Analog Instant in a Digital World

When the instant 20×24 format was created in 1976, it was a different world in photography. Fine art photography was still dominated by black and white, even though color was beginning to gain acceptance. Print sizes rarely exceeded 16×20 inches with 11×14 more the norm. Along comes this gargantuan machine containing its own processor that delivered 20×24 inch Polacolor images in 75 seconds. The quality was astounding, as the negative was the same size as the final print and there was no optical enlargement. There was lushness to the somewhat limited color palette and the diffusion transfer process rendered skin tones like Renaissance glaze painting. It was truly a remarkable process.

Fast forward thirty-five plus years and the photographic landscape has radically changed. Digital technologies grew in quality at a pace no one predicted and analog film lost favor first with the consumer market and eventually the professional market. The fine art market still holds on with established and even young artists embracing the attributes of analog. Contemporary professional DSLR cameras are capable of capturing a dynamic range that rivals medium and large format analog systems. Advances in the Camera Raw format and sophisticated image editors such as Lightroom and Aperture allow the photographer advantages in processing only the finest analog practitioners could achieve.

Still, the 20×24 instant format endures and is revered for all of its original attributes. It is also revered because it is not digital. All large format photography separates itself from digital in many ways; the size of the camera often means it is on a stationary tripod. Viewing the image is completely different, as one must view the image upside down on a ground glass and compose by shifting, rising, swinging and tilting the lens and film standards. As the composition is finalized, the lens is closed and a film holder inserted to take a singular image. A digital photographer could take a hundred different variations of the image while the large format photographer makes one. It is that discipline that separates these two photographic methodologies.

The 20×24 falls into its own category. Because of the size and complexity of the camera itself and the attending lighting system, it is run by a crew of at least two, with the photographer taking the role of director. It is a collaborative process, in some ways similar to film making but also to print making, as the final result will exit the camera in a matter of minutes. There is no post processing; all decisions of exposure, filtration, and processing time are decided on the spot. As the image is peeled and placed on the wall for viewing, everyone involved from the subject, photographer and crew is obviously aware of what has been achieved. While digital setups can show the image immediately on a large high-resolution monitor, it is not the same experience as experiencing the final print. The digital photographer will continue to shoot, perhaps long after they have achieved the best image, because it is simply easy to do so.
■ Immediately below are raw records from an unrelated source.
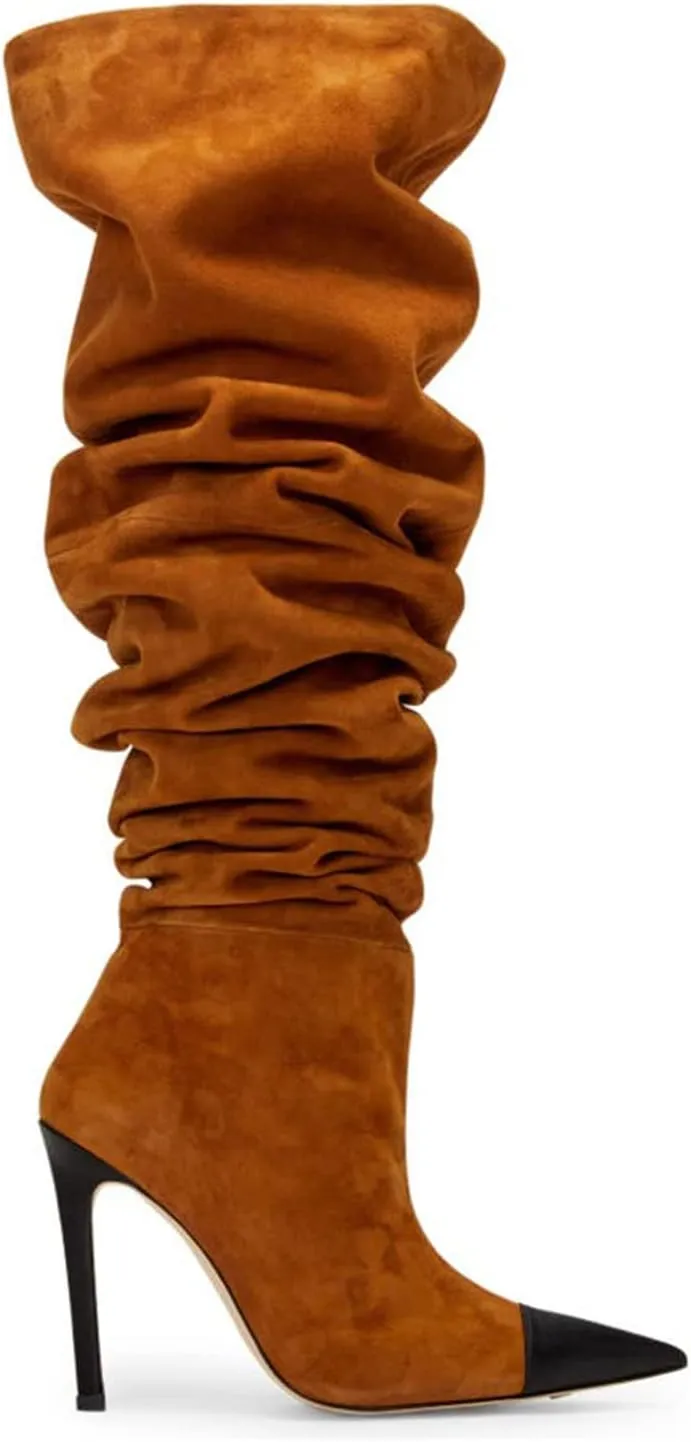 Women Soft Plicated Suede Stiletto Heel Knee High Boots, Sexy Cap Toe Thigh Boots, Retro Patchwork Black Mid-Calf Boots, Stretch Slip-on Winter Warm Boots for Dress up, Full Size 4-16 M US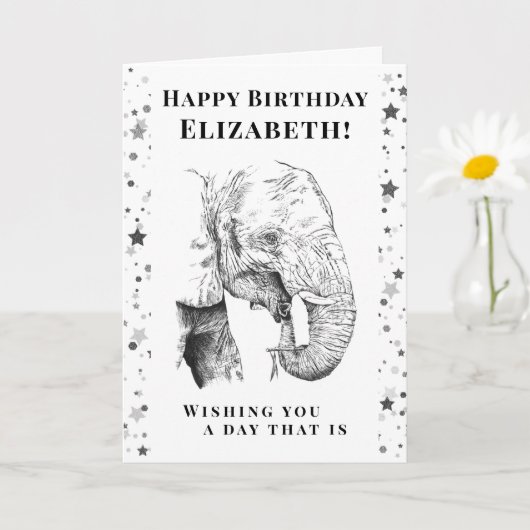 Leuke Olifant Happy Birthday Wenskaart Kaart (Kleine Plant)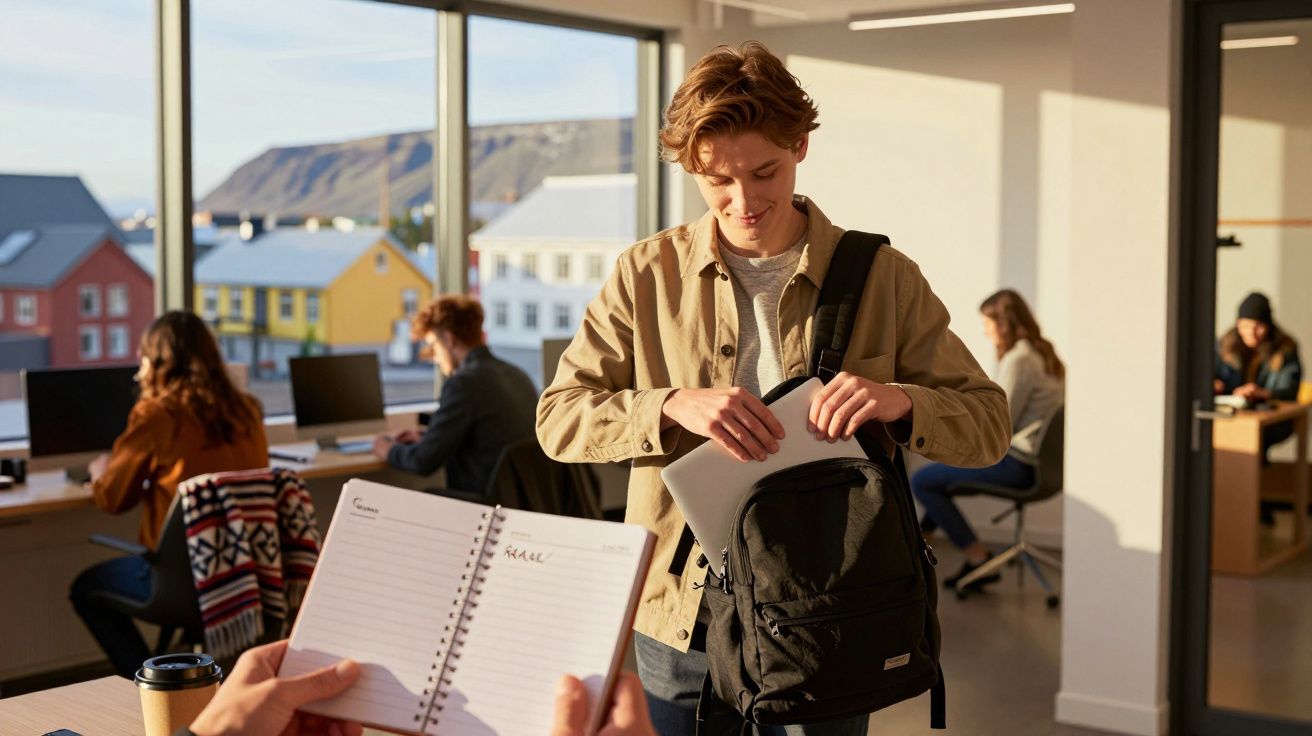 Jovem com mochila arruma caderno numa sala com várias pessoas estudando em frente a computadores, com janelas ao fundo.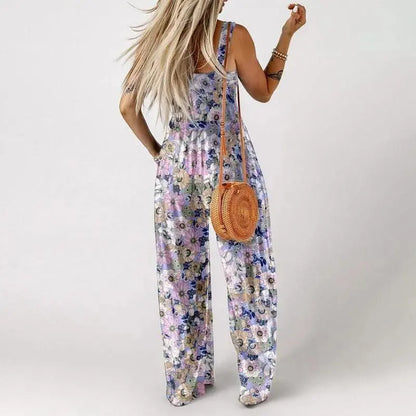 💕Women's Casual Print Sleeveless Overalls Jumpsuits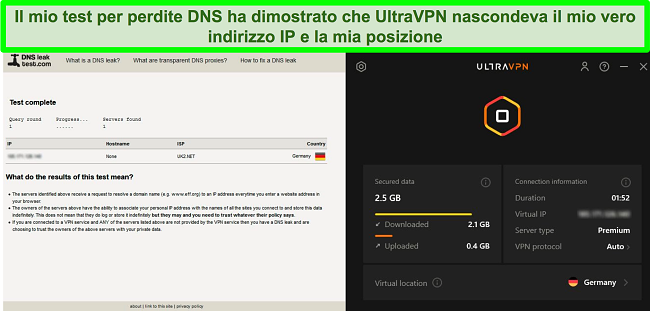 Screenshot di un test di tenuta DNS riuscito mentre UltraVPN è connesso a un server in Germania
With 20×24, because of its expense and deliberate approach, the photographer will recognize the best image, often with the input of their subject. While many photographers prefer this large format analog print as the end product, digital technology now allows for scanning to create stunning enlargements or editions from the analog original. This allows artists to expand their markets in ways that painters did in the 19th Century as printmaking became very popular.
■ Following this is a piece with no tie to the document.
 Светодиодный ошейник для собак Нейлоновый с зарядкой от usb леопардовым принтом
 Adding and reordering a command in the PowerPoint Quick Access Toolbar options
Why not fake it, you might ask? A highly skilled digital artist could take a high-resolution digital capture from an 80mp digital back and try to simulate the optical characteristics of large format lenses, they could ramp back the color to simulate the more limited palette of color instant films, they could scan the unique edge marks that 20×24 cameras produce, they could hope to but never achieve the depth of a diffusion transfer print. They could do all these things, and perhaps fool a great many people. So can art forgers simulate a DaVinci or Picasso, and again one could fool a great many people and even experts for a time. Inevitably it comes down to authenticity and a 20×24 instant photograph is the epitome of authenticity.
It is especially so in 2012, thirty-six years after its invention.